The supervisors voted 4-0— with John Williamson III abstaining— to pass a resolution to essentially use whatever leverage it has with the State Corporation Commission (SCC) to oppose a water rate increases for Aqua Virginia customers in Botetourt that could range as high as 31 percent. The board also opposed a proposed new water and wastewater infrastructure service charge (WWISC) that would also affect the 2,500 Botetourt residential and business customers in the Blue Ridge and Cloverdale areas.
Aqua Virginia has a number of water and sewer systems in Virginia and has applied for water rate increases that would amount to a $1.48 million increase in revenues— an average 11 percent increase for all of those customers.
County Attorney Michael Lockaby told the supervisors an analysis of the proposed rate increase could mean a 24 to 31 percent water rate hike for customers in the British Woods and Apple Tree Village areas in Southern Botetourt.
The proposed WWISC would be a new surcharge that the supervisors say will not have the same SCC oversight as water rates that could result in even a much greater increase in rates.
Lockaby said a team of attorneys and specialists from other communities in Virginia affected by the proposed Aqua Virginia rate increase are working together to fight the increase before the SCC.
The supervisors’ resolution opposing the rate increase and new WWISC argues that the increases “would have deleterious effects on the County and its citizens,” and called them “unjust and unreasonable.”
The resolution also directs the county administration and county attorney to file a Notice of Participation with the SCC so that the county can officially make objections before the SCC.
According to staff reports, several other localities and the Virginia Attorney General have or will appear before the SCC to contest the scope and amount of the rate increase.
The SCC approved a rate increase for Aqua Virginia a year ago— an increase that was a bit smaller than the one the water company had applied for and imposed in August 2014.
The 2014 rate increase was designed to provide $1.4 million in added revenue and a 10.3 percent rate of return on equity. The SCC set a new return on equity of 9.25 percent for Aqua Virginia a year ago.
Lockaby told the supervisors it’s important for local leaders t o show up when the SCC holds hearings on the rate increases.
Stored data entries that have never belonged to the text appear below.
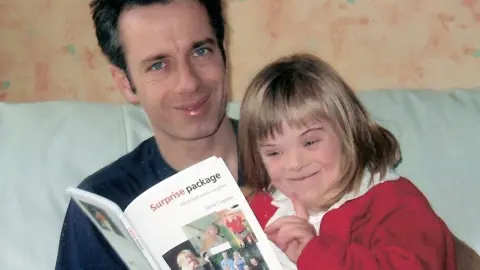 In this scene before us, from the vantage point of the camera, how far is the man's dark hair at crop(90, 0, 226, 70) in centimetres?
119

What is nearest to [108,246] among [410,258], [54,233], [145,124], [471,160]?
[54,233]

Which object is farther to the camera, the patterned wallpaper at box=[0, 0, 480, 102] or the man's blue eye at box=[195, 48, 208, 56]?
the patterned wallpaper at box=[0, 0, 480, 102]

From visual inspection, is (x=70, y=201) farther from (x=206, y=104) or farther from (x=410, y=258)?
(x=410, y=258)

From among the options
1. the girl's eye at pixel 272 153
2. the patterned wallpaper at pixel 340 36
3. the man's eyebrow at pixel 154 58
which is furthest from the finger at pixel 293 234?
the patterned wallpaper at pixel 340 36

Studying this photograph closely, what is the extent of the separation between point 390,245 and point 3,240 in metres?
0.64

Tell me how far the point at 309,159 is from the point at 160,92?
269 mm

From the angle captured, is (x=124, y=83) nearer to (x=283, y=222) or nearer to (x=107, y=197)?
(x=107, y=197)

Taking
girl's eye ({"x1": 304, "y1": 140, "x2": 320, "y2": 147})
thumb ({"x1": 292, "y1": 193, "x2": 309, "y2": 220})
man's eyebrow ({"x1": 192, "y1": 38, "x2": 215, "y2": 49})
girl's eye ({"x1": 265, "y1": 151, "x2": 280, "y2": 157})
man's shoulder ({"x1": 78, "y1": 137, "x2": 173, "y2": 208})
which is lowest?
thumb ({"x1": 292, "y1": 193, "x2": 309, "y2": 220})

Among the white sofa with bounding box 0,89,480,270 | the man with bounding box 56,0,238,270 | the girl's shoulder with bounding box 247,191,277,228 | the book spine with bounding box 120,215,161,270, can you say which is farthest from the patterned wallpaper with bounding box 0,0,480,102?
the book spine with bounding box 120,215,161,270

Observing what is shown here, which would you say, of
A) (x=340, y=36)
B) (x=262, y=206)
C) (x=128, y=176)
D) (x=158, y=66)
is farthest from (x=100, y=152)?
(x=340, y=36)

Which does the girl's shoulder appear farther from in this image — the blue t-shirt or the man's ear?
the man's ear

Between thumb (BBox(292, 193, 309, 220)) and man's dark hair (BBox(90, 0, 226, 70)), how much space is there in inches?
10.5

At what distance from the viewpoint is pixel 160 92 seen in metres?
1.17

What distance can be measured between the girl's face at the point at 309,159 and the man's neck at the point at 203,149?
0.45 feet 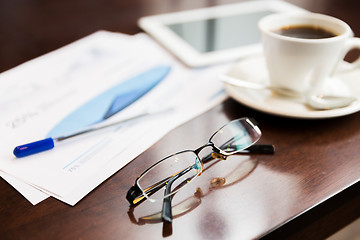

Valley District and Blue Ridge District Supervisors Mac Scothorn and Billy Martin said they would.
“Twenty-four percent is unreasonable,” Scothorn said of the possible rate increase. “This has got to stop…we’ve got to put the brakes on this.”
Martin said Aqua wants to establish the WWISC fund because the company returns all its profits to the stockholders rather than putting money aside in a capital fund. “It’s just another way to get more money for them and stockholders.”
Williamson said he was abstaining because he spent 30 years in the utility business with Roanoke Gas and he didn’t know enough about Aqua Virginia’s rate increase request to say it was “unjust and unreasonable,” as the board’s resolution states.